MORTGAGE RATES SURPASS 6 PERCENT FOR FIRST TIME IN 14 YEARS

MORTGAGE RATES SURPASS 6 PERCENT FOR FIRST TIME IN 14 YEARS

In the week ending 15 September, the average national interest rate on a fixed-rate, 30-year home mortgage was 6.02 percent, according to the Federal Home Loan Mortgage Corporation (Freddie Mac).

The rate rose from 5.89 percent the previous week and is more than double the 2.86 percent average a year ago.
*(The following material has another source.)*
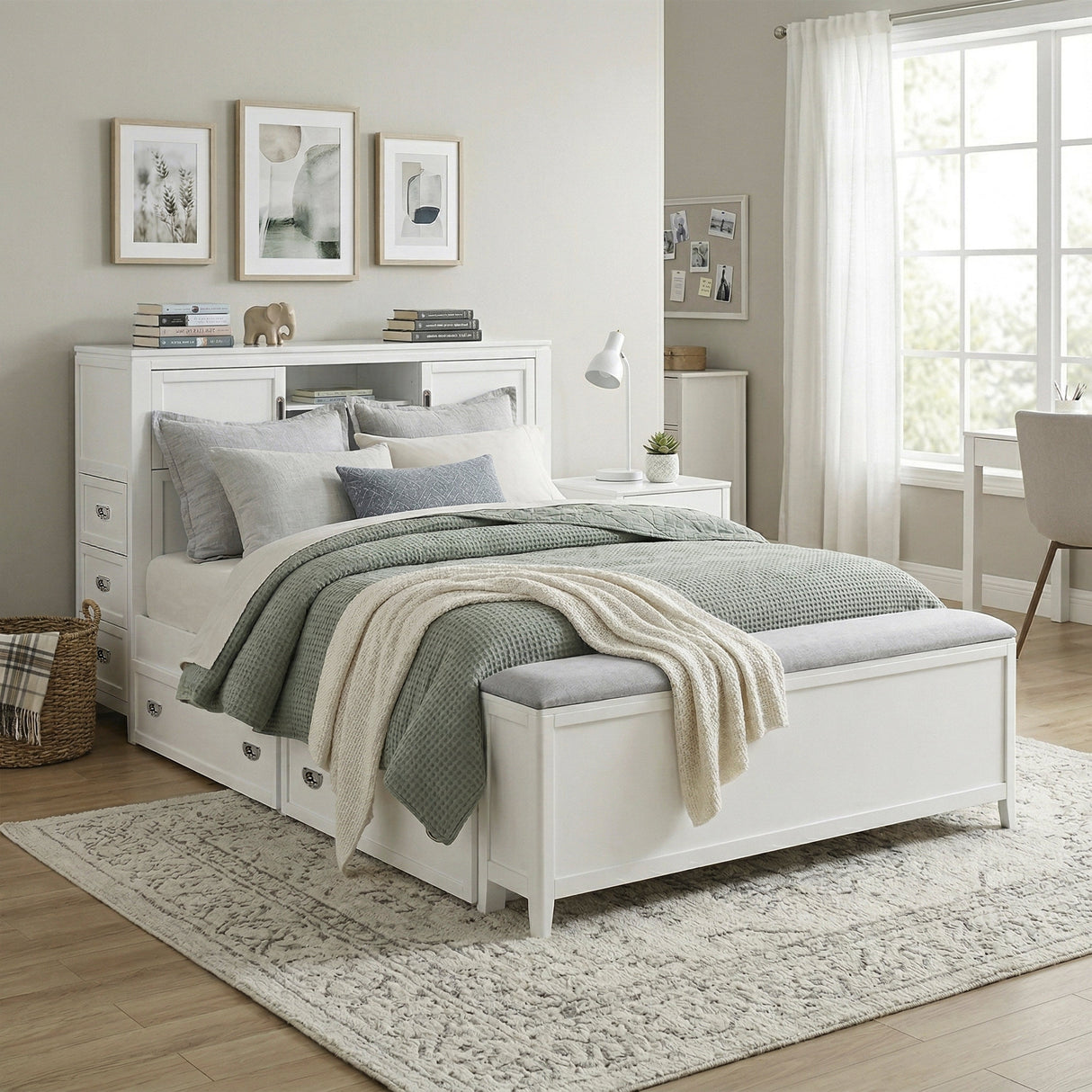 Sloane White Full Bookcase Bed with Hidden Desk, Stool and Storage Bench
Rates began this year at 3.22 percent.

The last time mortgage rates were this high was in 2008.

U.S. mortgage rates have not increased this fast in more than 50 years, the Financial Times noted.

A year ago, a buyer who paid $20,000 down on a $390,000 home and took out a fixed-rate, 30-year mortgage at 2.86 percent to cover the rest made monthly payments of $1,292, according to Freddie Mac.

Today, the same purchase at 6.02 percent would result in an $1,875 monthly payment, $583 more.

“Although the increase in rates will continue to damp demand and put downward pressure on home prices, inventory remains inadequate,” meaning there are not enough homes for sale to meet demand, Sam Khater, Freddie Mac’s chief economist, said in comments quoted by the FT.

As a result, despite rising interest rates, the S&P CoreLogic Case-Schiller U.S. home price index edged up 0.8 percent in June, the index’s most recent reading.

The pace at which prices are rising has slowed considerably this year as higher mortgage rates “have started to spook potential buyers,” the FT reported.

“Consumer sentiment has declined [to] levels not seen in more than a decade,” Julie Booth, chief financial officer at Rocket Co., the country’s largest mortgage originator, said to the FT.

As a result, “potential home buyers are staying on the sidelines,” she added.

Sales of existing homes in July fell 5.9 percent below June’s and 20 percent below a year previous, the National Association of Realtors reported.

For the week ending 9 September, the number of new mortgage applications was 1.2 percent fewer than the week before. Applications for refinancing were 80 percent below those a year earlier.

Although the median home price was 10.8 percent higher than a year earlier, at $403,800 it was still $10,000 less than June’s record high.

Mortgage rates tend to reflect changes in the yield on the 10-year treasury bond. The yield rose last week in anticipation of the U.S. Federal Reserve raising interest rates again this week, George Ratiu, Realtor.com’s chief of economic research, told CNN.

“With real median household incomes remaining relatively unchanged, many first-time home buyers are finding the door to home ownership is closed for this season,” he added.

“Many sellers are responding by cutting their asking prices,” Ratiu noted. “These changes are coinciding with the time of year when buyers have historically found the best market conditions to find a bargain.”

TREND FORECAST: Today’s U.S. housing market is an exemplar of our Top 2022 Trend of Dragflation, a time when prices are rising during a shrinking economy.

For more than a year, we have been forecasting that the housing market would crack when the U.S. Federal Reserve raised its key interest rate to or beyond 1.5 percent.

That has proven true.

Vast numbers of modest- and middle-income buyers are now shut out of the market by high interest rates, shrinking savings (see “U.S. Bank Deposits Fall By Most in Four Years” in this issue), and concerns over a possible recession.

The median home sale price remains high because only well-off households can afford the hefty down payments and high monthly outlays to service a mortgage, meaning that high-priced houses are most of those that are selling.

TREND FORECAST: The U.S. median household income as of July was $78,532, according to SeekingAlpha.com. As we have shown in articles such as “Middle-Income Buyers Too Poor To Buy Homes” (15 Feb 2022), people making the current U.S. median income are not making enough money to be able to buy half the homes on the market.

We have noted repeatedly that Millennials and late-born Generation X’ers are coming into the ages at which people usually buy homes.

However, today’s real estate market will consign at least one generation of Americans to live their lives as renters, being denied the satisfaction of owning a home and of building savings over time as they earn equity in the property. 

TRENDPOST: As Arthur Beckerman of AMB Realty in Florida notes, “Assume a mortgage today on a house of $450,000: 6.4%/30 year fixed rate=$2815/month. One year ago a 3% /30 year fixed rate=$1897 per month. That’s an increase of $918/month or $11,016 more per year.” 

And this is before the Fed bumps up rates by at least 75 basis points tomorrow, and another hike next month.

Sales of housing are already down and going lower and prices are already down and going lower, he noted.